A new Mercatus study suggests an additional, largely unexamined cost of the United States’ tax-policy uncertainty: “unproductive” or “destructive” entrepreneurship—the diversion of resources away from economically productive activities to the unproductive activity of lobbying for preferential tax-policy treatment.
The Economic Costs of Tax Policy Uncertainty reviews existing academic research on the causes and economic effects of tax-policy uncertainty, examines the relationship between tax-policy uncertainty and increased rent-seeking (such as lobbying and political action committee spending) and considers what these findings imply for fundamental tax reform.
To read the study in its entirety and learn more about its authors, please click here [3].
Key Points:
Economic Implications of Temporary Tax Policy
Tax-policy uncertainty has been shown to negatively impact a variety of factors relating to economic growth, including investment, consumption, and employment.
The study’s findings suggest tax-policy uncertainty also leads to an increase in rent-seeking.

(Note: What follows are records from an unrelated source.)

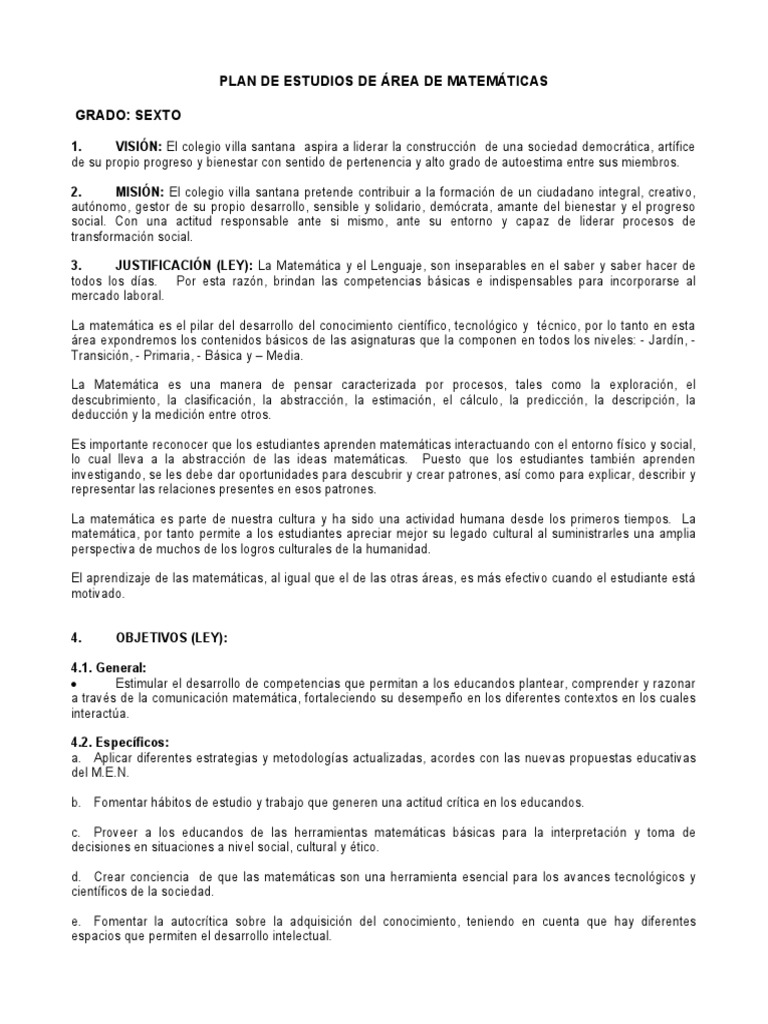 Plan de Estudios Grado Sexto | PDF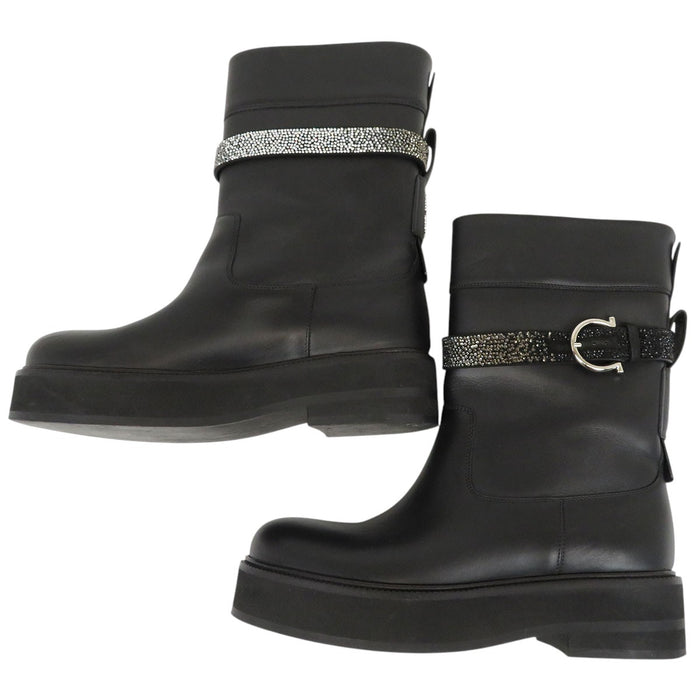 Salvatore Ferragamo 
ロゴ ラインストーン レザー 
ガンチーニバックル ショートブーツ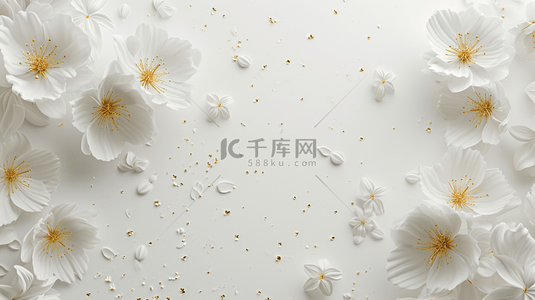 精致典雅的白色花朵背景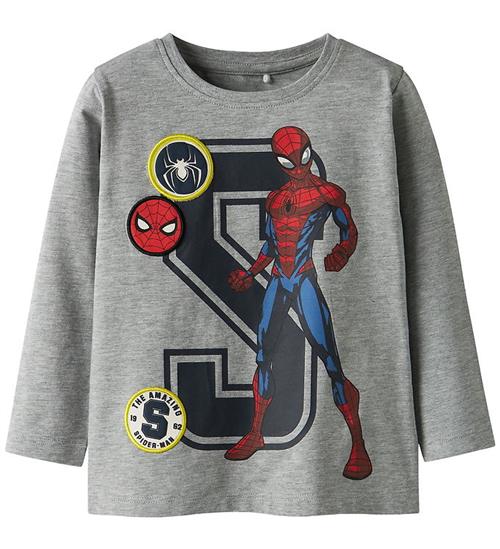 Name It Bluse - Noos - NmmDeep - Spiderman - Grey Melange
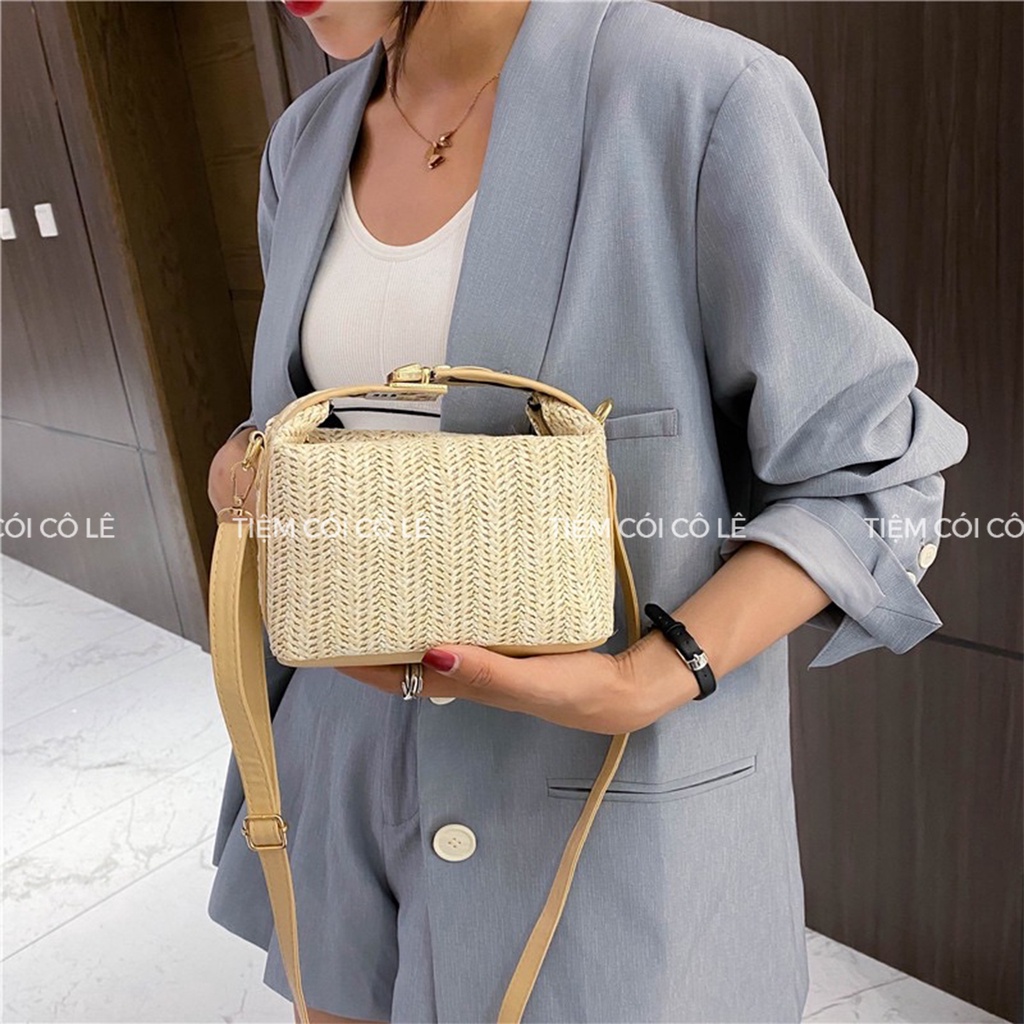 Túi xách đan rơm loại 1 cầm tay phối da thiết kế xinh xắn hợp thời trang - Tiệm Cói Cô Lê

Causes of Tax-Policy Uncertainty
The Budget Process. In recent decades, Congress has passed a series of budget control acts intended to impose discipline on the budget process. These acts have had the unintended consequence of encouraging policy phase-ins, phase-outs, and expiration dates. This gaming of budget rules results in official estimates of budgetary impact that are unrealistically favorable, in addition to an unstable and uncertain policy environment. Over the short term, this uncertainty is reflected by the “fiscal cliff.” Over the long term, uncertainty stems from a tax system that is expected to bring in far less revenue than Congress has committed to spend.
No Lobby for Economic Efficiency. A key challenge to establishing and maintaining a predictable tax code (one with few special-interest loopholes) stems partly from the fact that economic efficiency does not have a well-organized or focused interest group to represent it. This is because while economic efficiency produces great benefits, these benefits are widely dispersed, making organized lobbying more difficult.
Lessons from History: TRA 86
The federal government’s most recent fundamental tax reform effort—the Tax Reform Act of 1986—closed loopholes, broadened the tax base, and lowered rates. Studies have shown that it greatly reduced economic inefficiencies, and some argue it laid the foundation for the United States’ strong economy during the remainder of the 1980s and in the 1990s.
“Even the simplification potential of radical tax reform depends on how enduring a simple, broad-based tax can be, in the face of constant political pressure to reintroduce special ‘ encouragements’ or to redistribute the tax burden.”
Enduring Fundamental Tax Reform
Create a code that is simple, equitable, efficient—and predictable—requires diminishing the opportunities for rent-seeking.